Skip to contents

The GloVe pre-trained word vectors provide word embeddings created using varying numbers of tokens.

Usage

embedding_glove6b(
  dir = NULL,
  dimensions = c(50, 100, 200, 300),
  delete = FALSE,
  return_path = FALSE,
  clean = FALSE,
  manual_download = FALSE
)

embedding_glove27b(
  dir = NULL,
  dimensions = c(25, 50, 100, 200),
  delete = FALSE,
  return_path = FALSE,
  clean = FALSE,
  manual_download = FALSE
)

embedding_glove42b(
  dir = NULL,
  delete = FALSE,
  return_path = FALSE,
  clean = FALSE,
  manual_download = FALSE
)

embedding_glove840b(
  dir = NULL,
  delete = FALSE,
  return_path = FALSE,
  clean = FALSE,
  manual_download = FALSE
)

Arguments

dir

Character, path to directory where data will be stored. If NULL, user_cache_dir will be used to determine path.

dimensions

A number indicating the number of vectors to include.
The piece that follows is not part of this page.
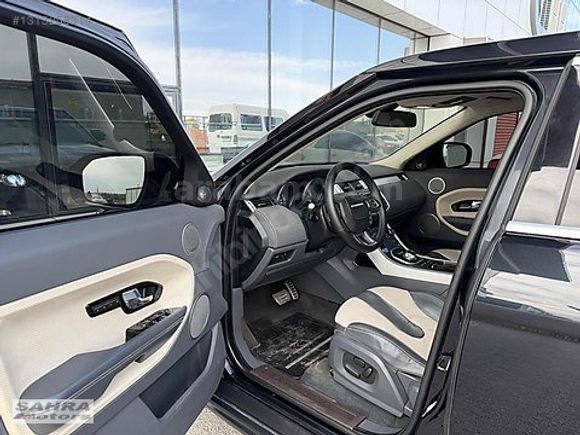 SAHRA MOTORS'DAN RANGE ROVER Evoque CAM TAVAN-MERIDIAN-ISITMA
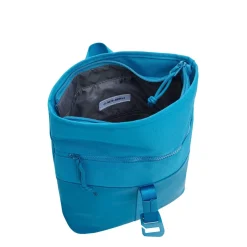 New Rebels Bruce - Los Angeles Rolltop rugzak Mini 7L Turquoise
One of 50, 100, 200, or 300 for glove6b, or one of 25, 50, 100, or 200 for glove27b.

delete

Logical, set TRUE to delete dataset.

return_path

Logical, set TRUE to return the path of the dataset.

clean

Logical, set TRUE to remove intermediate files. This can greatly reduce the size. Defaults to FALSE.

manual_download

Logical, set TRUE if you have manually downloaded the file and placed it in the folder designated by running this function with return_path = TRUE.

Value

A tibble with 400k, 1.9m, 2.2m, or 1.2m rows (one row for each unique token in the vocabulary) and the following variables:

token

An individual token (usually a word)

d1, d2, etc

The embeddings for that token.

Details

Citation info:

InProceedings{pennington2014glove,
author = {Jeffrey Pennington and Richard Socher and Christopher D.
Manning},
title = {GloVe: Global Vectors for Word Representation},
booktitle = {Empirical Methods in Natural Language Processing (EMNLP)},
year = 2014
pages = {1532-1543}
url = {http://www.aclweb.org/anthology/D14-1162}
}

References

Jeffrey Pennington, Richard Socher, and Christopher D. Manning. 2014. GloVe: Global Vectors for Word Representation.

Examples

if (FALSE) {
embedding_glove6b(dimensions = 50)

# Custom directory
embedding_glove42b(dir = "data/")

# Deleting dataset
embedding_glove6b(delete = TRUE, dimensions = 300)

# Returning filepath of data
embedding_glove840b(return_path = TRUE)
}